*** Opening DATA SHOWN ***

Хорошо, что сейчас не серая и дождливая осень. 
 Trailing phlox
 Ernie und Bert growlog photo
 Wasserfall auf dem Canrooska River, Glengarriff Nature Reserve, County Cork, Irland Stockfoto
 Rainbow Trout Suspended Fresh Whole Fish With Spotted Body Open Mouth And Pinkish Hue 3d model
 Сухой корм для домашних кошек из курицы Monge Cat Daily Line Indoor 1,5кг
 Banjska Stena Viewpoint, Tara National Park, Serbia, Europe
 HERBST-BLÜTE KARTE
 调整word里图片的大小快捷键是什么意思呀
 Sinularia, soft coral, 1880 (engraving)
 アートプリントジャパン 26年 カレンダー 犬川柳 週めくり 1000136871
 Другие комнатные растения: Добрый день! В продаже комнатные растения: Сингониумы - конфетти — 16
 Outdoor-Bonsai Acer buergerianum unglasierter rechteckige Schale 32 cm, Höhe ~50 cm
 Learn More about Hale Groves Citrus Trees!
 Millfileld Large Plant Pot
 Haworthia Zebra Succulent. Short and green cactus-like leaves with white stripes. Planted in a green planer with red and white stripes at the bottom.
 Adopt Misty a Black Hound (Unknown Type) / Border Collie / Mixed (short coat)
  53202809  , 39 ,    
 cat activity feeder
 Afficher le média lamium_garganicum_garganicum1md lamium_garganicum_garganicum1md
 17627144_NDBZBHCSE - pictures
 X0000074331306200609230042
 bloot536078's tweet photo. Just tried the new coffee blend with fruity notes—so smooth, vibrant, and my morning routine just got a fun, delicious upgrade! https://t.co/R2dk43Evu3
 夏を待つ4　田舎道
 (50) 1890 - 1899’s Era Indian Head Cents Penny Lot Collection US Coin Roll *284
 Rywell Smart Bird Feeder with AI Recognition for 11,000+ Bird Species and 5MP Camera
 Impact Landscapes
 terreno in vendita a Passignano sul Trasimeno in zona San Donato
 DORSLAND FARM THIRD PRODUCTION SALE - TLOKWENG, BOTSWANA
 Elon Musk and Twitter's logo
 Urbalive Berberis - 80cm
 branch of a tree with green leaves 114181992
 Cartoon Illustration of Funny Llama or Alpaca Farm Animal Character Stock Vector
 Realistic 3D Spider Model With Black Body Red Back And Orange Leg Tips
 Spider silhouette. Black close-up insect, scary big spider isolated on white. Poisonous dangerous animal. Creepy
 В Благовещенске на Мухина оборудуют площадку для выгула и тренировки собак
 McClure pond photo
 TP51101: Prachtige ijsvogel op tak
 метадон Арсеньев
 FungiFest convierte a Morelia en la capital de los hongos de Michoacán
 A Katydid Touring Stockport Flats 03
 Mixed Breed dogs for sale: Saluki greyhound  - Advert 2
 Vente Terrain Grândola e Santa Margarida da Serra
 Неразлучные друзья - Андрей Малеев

*** Closing DATA SHOWN ***

ABOUT THIS TASK:
For the material above, state the number of lines that include the word "leaves". Leave out everything else.

WORKED SOLUTION:
2